WHAT THE EXERCISE ASKS: Write out the listing verbatim. No pictures belong in it.

AVAILABLE DATA:
↓↓↓

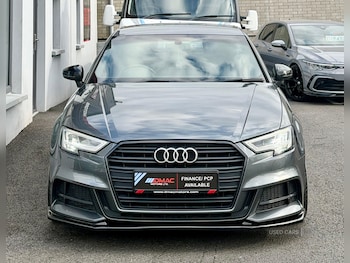 Used Audi A3 2018 for sale - 78753215: Photo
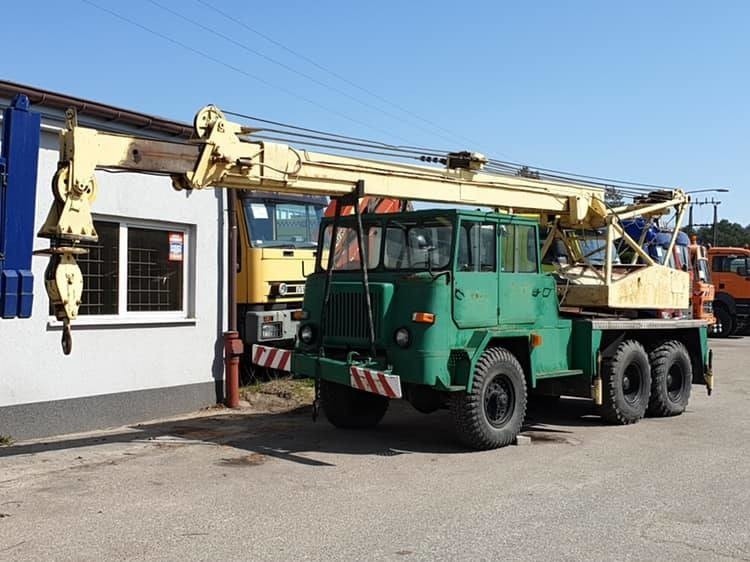Siódma ciężarówka stanęła na edukacyjnej "Ścieżce Stara" w Starachowicach. To dar firmy Star San Duo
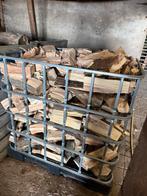 Brandhout gekloofd, Tuin en Terras, Haardhout, 6 m³ of meer, Ophalen, Overige houtsoorten, Blokken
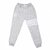 ATLANS KIDS BOYS GREY NAVY COTTON BLEND TRACKPANT PACK OF 2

↑↑↑

TASK RESULT:
 Used Audi A3 2018 for sale - 78753215: Photo
Siódma ciężarówka stanęła na edukacyjnej "Ścieżce Stara" w Starachowicach. To dar firmy Star San Duo
 Brandhout gekloofd, Tuin en Terras, Haardhout, 6 m³ of meer, Ophalen, Overige houtsoorten, Blokken
 ATLANS KIDS BOYS GREY NAVY COTTON BLEND TRACKPANT PACK OF 2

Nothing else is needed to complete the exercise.